■ **Work to be completed**:
Scan the entries for lines with "Jacket" and say how many there are, with nothing more.

■ **Material shown**:
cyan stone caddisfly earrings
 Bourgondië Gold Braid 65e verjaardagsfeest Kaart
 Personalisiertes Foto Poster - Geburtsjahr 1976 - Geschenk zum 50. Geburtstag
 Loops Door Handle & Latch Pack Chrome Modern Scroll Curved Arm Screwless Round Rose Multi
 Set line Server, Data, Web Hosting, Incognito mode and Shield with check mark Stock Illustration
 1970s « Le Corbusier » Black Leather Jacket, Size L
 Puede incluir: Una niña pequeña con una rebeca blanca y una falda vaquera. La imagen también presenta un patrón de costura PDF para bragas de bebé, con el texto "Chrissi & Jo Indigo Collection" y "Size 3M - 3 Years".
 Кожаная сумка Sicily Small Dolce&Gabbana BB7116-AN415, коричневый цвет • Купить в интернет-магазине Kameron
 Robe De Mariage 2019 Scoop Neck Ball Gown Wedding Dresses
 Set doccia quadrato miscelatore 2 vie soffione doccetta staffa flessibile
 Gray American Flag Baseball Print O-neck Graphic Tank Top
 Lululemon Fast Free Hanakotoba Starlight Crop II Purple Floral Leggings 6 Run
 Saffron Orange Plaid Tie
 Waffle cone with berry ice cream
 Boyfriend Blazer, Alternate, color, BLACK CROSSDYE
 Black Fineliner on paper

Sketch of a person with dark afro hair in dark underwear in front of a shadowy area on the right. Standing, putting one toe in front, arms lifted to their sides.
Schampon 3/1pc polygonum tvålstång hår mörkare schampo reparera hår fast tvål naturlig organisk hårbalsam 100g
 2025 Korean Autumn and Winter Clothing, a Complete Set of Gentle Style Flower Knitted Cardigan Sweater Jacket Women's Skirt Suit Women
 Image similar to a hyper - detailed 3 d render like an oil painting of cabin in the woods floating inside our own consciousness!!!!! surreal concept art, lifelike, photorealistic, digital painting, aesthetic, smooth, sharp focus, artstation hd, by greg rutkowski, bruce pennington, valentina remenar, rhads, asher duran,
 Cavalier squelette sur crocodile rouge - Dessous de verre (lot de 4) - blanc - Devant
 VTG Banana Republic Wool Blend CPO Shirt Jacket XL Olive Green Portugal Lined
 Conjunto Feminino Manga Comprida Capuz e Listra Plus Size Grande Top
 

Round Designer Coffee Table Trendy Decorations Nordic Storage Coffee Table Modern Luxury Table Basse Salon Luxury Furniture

■ **Answer to this task**:
3